Data listing:

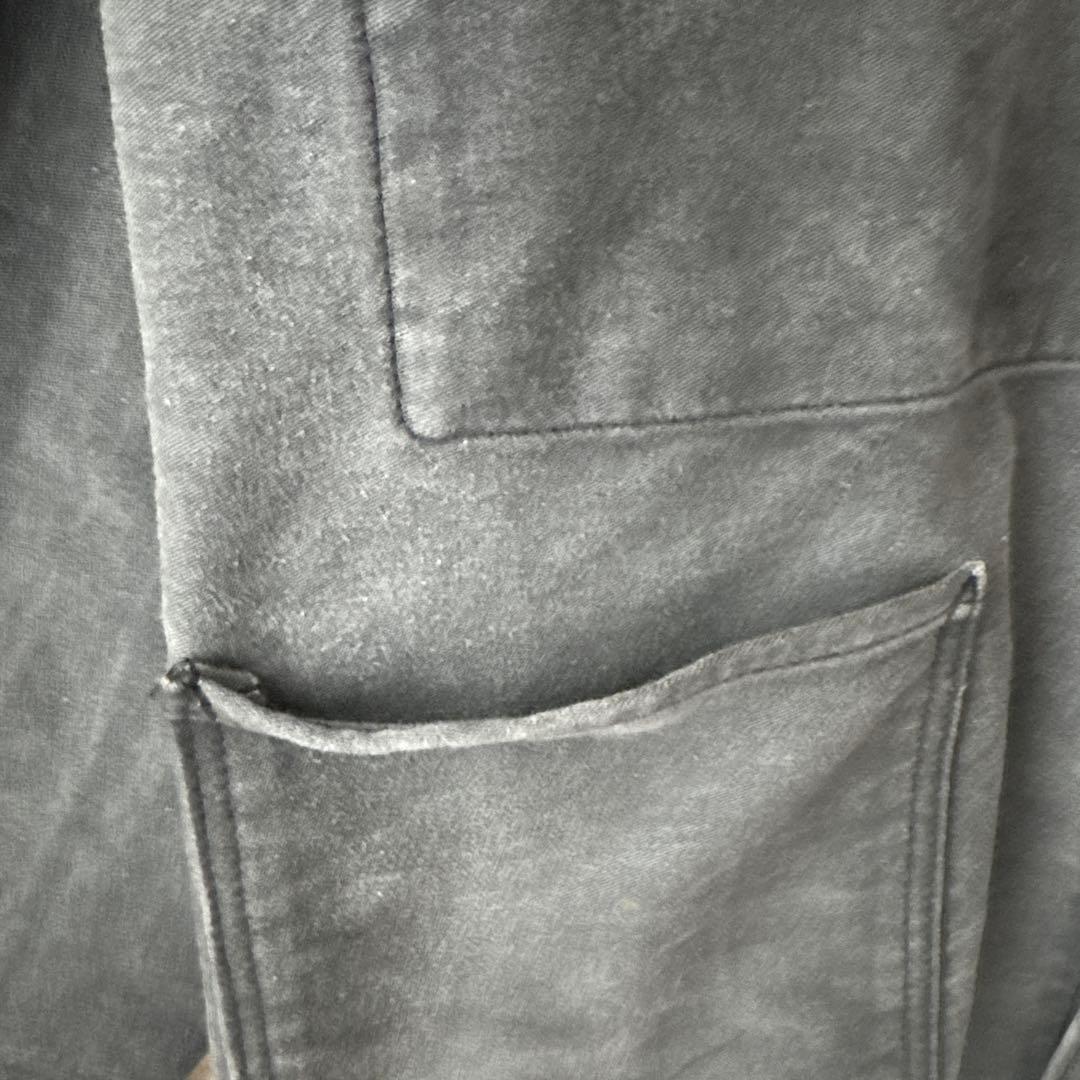 70s rofa German Elephant skin jacket - メルカリ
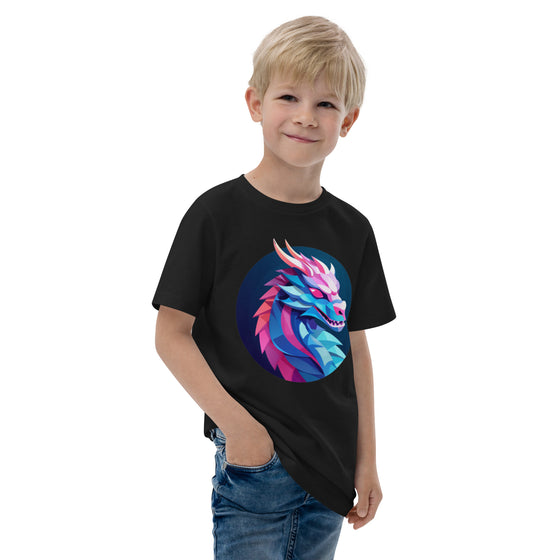 Gilead the Dragon youth jersey t-shirt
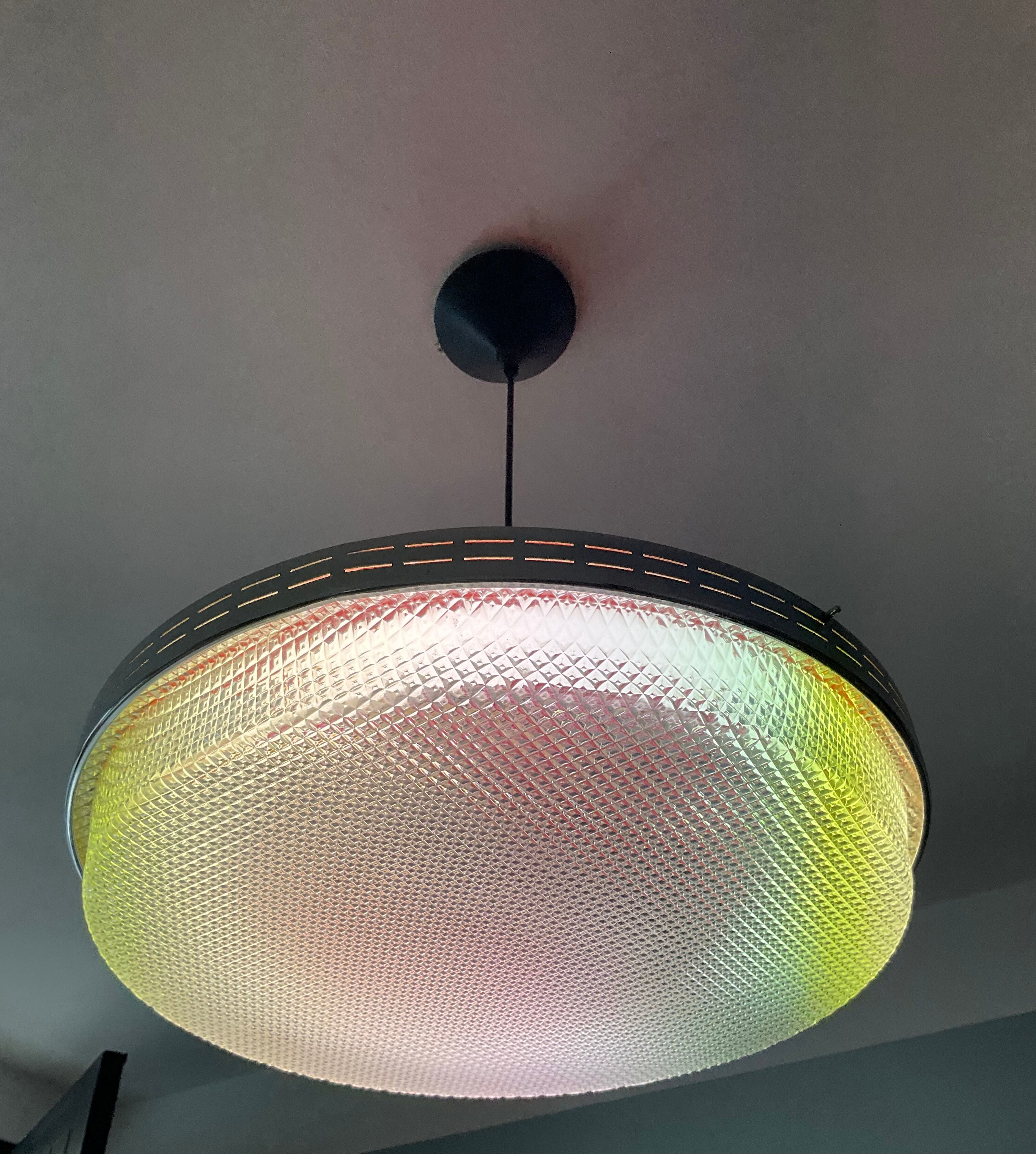 Space AGe suspension 60s-70s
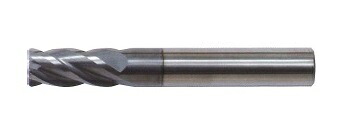 【ポイント10倍】ギガ・セレクション 超硬エンドミル NRES435-100-R030 (NRES435100R030) (4枚刃超硬ラジアス 不等分割・不等リード)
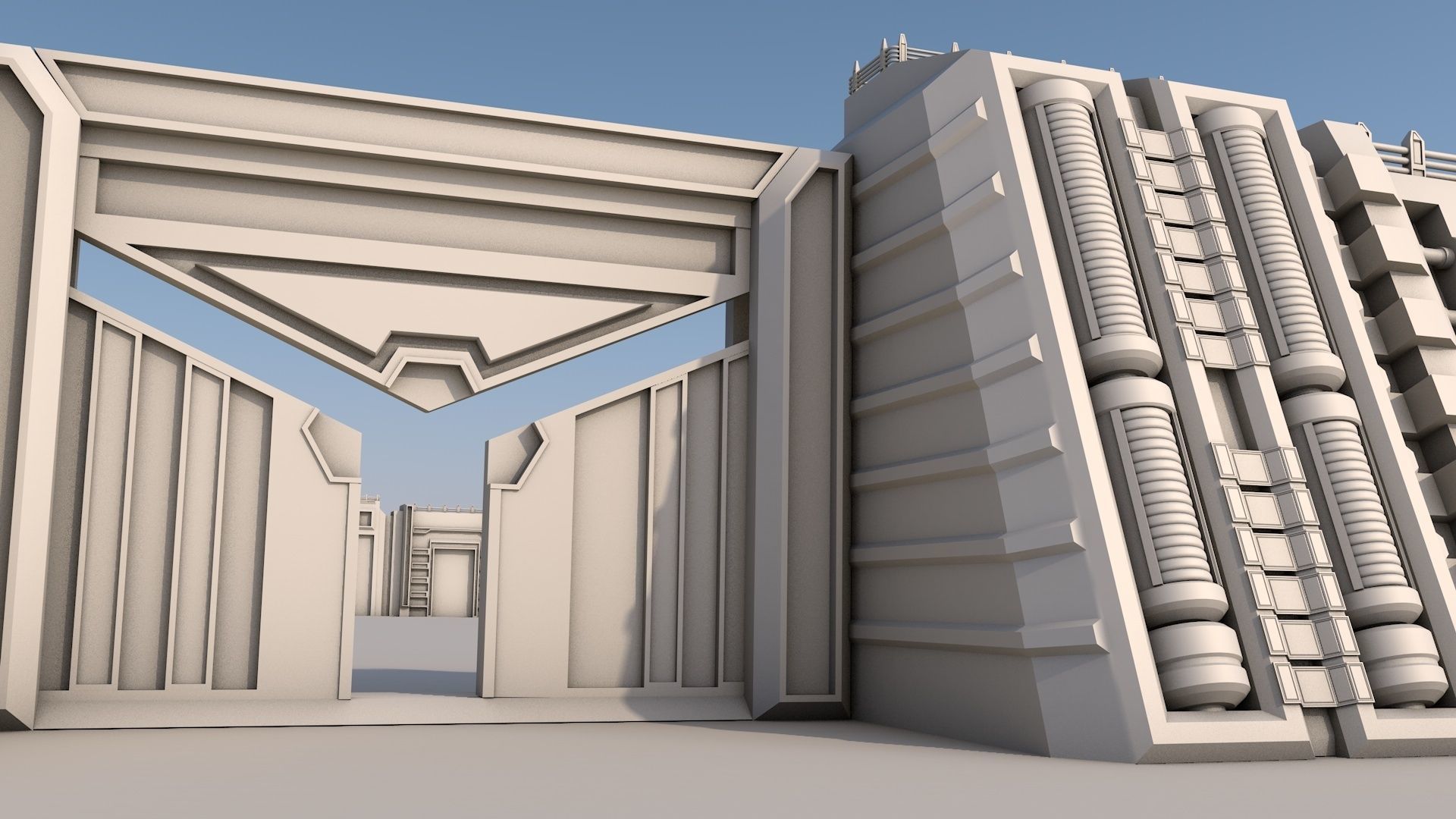  MILITARY STRENGTH 3D model_3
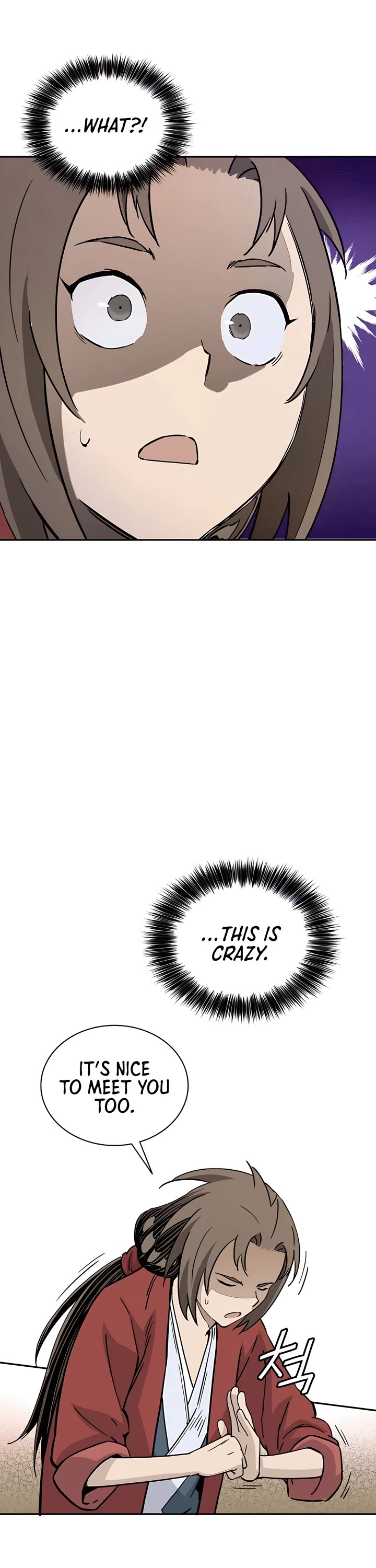 I Reincarnated as a Legendary Surgeon Chapter 79 page 38 - Chapter 79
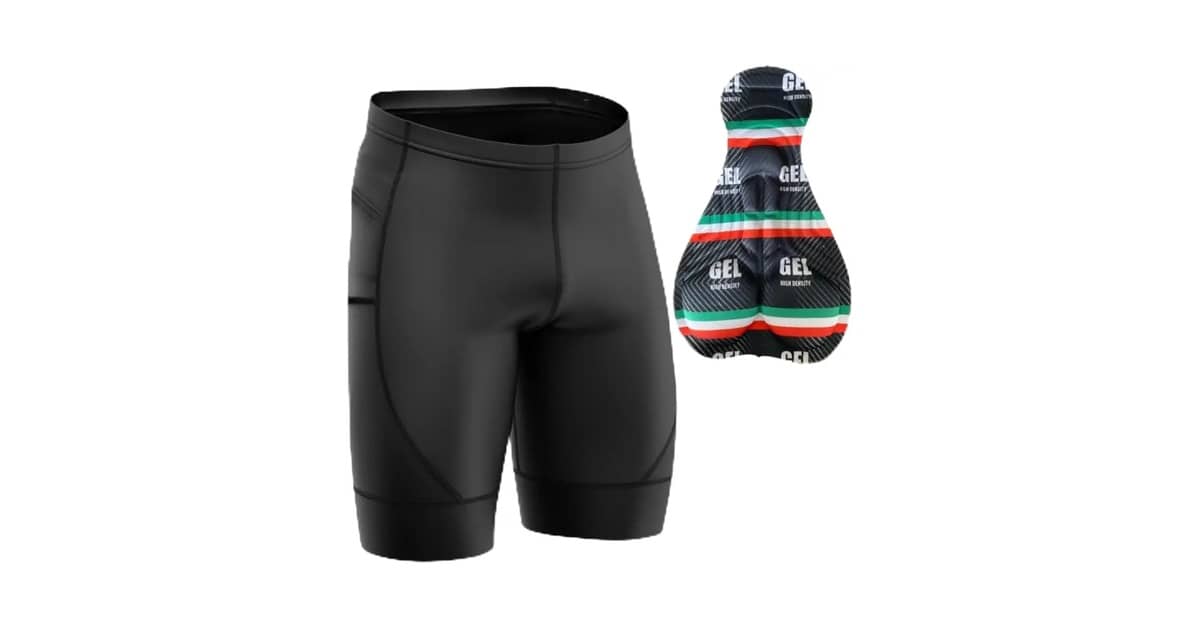 Melhor Bermuda Ciclismo Gel ou Espuma? Guia Completo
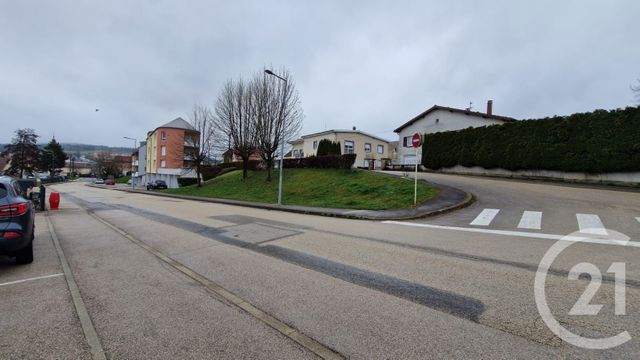 Appartement F4 à louer - 4 pièces - 88.63 m2 - PONTARLIER - 25 - FRANCHE-COMTE - Century 21 Avenir Immobilier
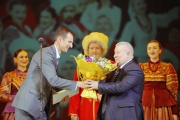 Юбилейный концерт Ансамбля "Криница"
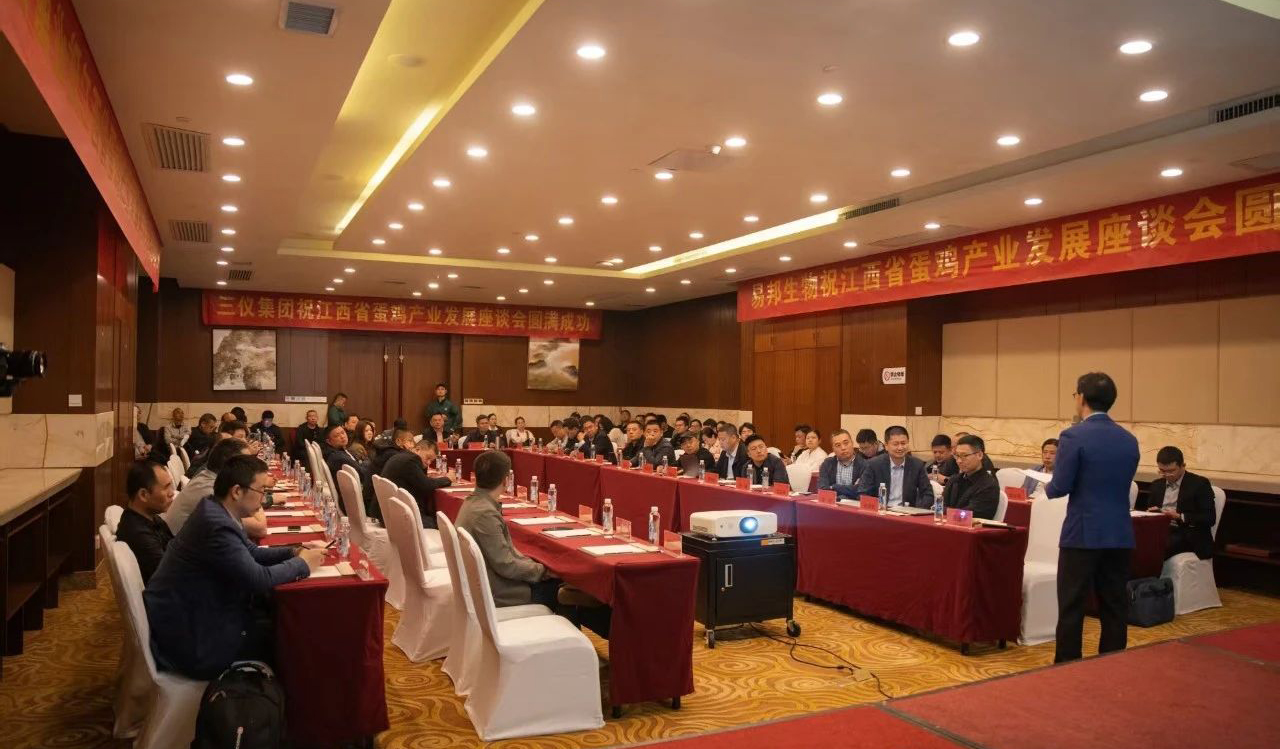 战术家（一） ｜ 层叠式蛋鸡温差控制技术攻关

Task goal: Find the line containing "Gilead the Dragon youth jersey t-shirt" in the listing above. Restate it and every line after it, word for word, through the final line, leaving out the pictures.

Your solution:
 Gilead the Dragon youth jersey t-shirt
 Space AGe suspension 60s-70s
 【ポイント10倍】ギガ・セレクション 超硬エンドミル NRES435-100-R030 (NRES435100R030) (4枚刃超硬ラジアス 不等分割・不等リード)
  MILITARY STRENGTH 3D model_3
 I Reincarnated as a Legendary Surgeon Chapter 79 page 38 - Chapter 79
 Melhor Bermuda Ciclismo Gel ou Espuma? Guia Completo
 Appartement F4 à louer - 4 pièces - 88.63 m2 - PONTARLIER - 25 - FRANCHE-COMTE - Century 21 Avenir Immobilier
 Юбилейный концерт Ансамбля "Криница"
 战术家（一） ｜ 层叠式蛋鸡温差控制技术攻关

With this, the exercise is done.